Your task — Write out the entries below exactly, but only from the line containing "September 4:Sarah Vivan, Essence" through the line containing "SUBBLIME - 955557", and without the pictures.

Available data —
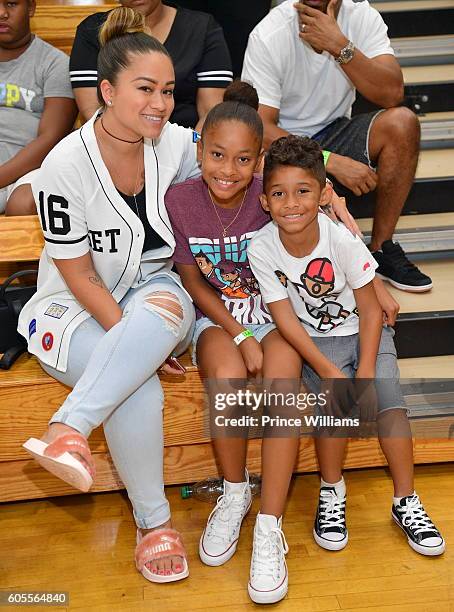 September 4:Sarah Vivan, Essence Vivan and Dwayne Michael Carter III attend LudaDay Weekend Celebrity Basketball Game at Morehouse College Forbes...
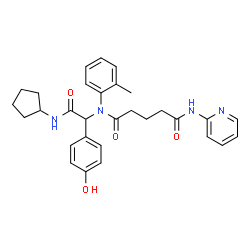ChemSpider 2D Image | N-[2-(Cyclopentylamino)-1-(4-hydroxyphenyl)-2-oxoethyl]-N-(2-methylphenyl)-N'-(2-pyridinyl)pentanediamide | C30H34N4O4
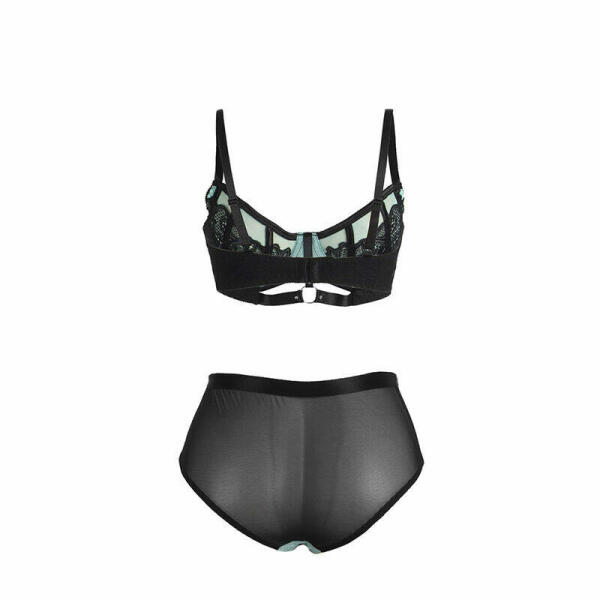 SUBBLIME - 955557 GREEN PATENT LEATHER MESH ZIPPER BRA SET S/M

* * *

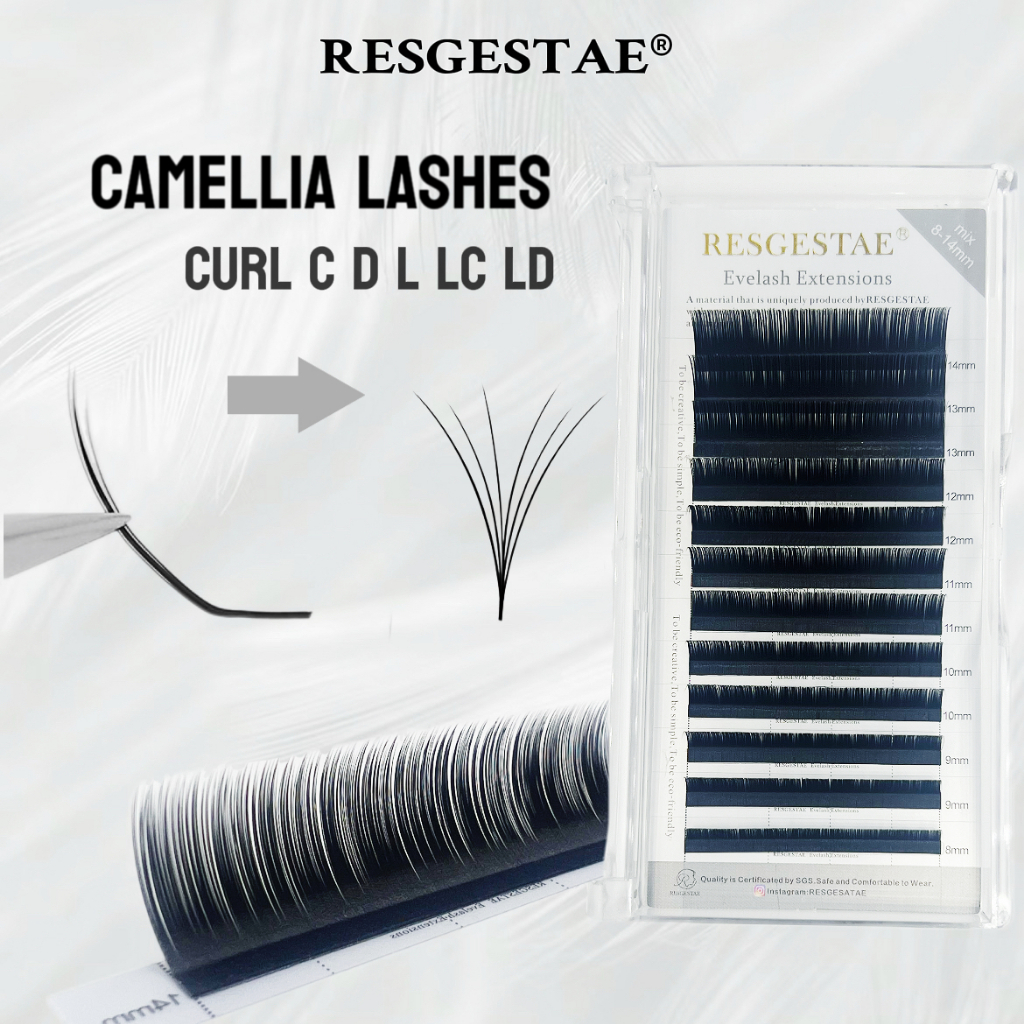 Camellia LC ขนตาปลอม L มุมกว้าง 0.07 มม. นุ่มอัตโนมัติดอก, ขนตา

Result of this task —
 September 4:Sarah Vivan, Essence Vivan and Dwayne Michael Carter III attend LudaDay Weekend Celebrity Basketball Game at Morehouse College Forbes...
ChemSpider 2D Image | N-[2-(Cyclopentylamino)-1-(4-hydroxyphenyl)-2-oxoethyl]-N-(2-methylphenyl)-N'-(2-pyridinyl)pentanediamide | C30H34N4O4
 SUBBLIME - 955557 GREEN PATENT LEATHER MESH ZIPPER BRA SET S/M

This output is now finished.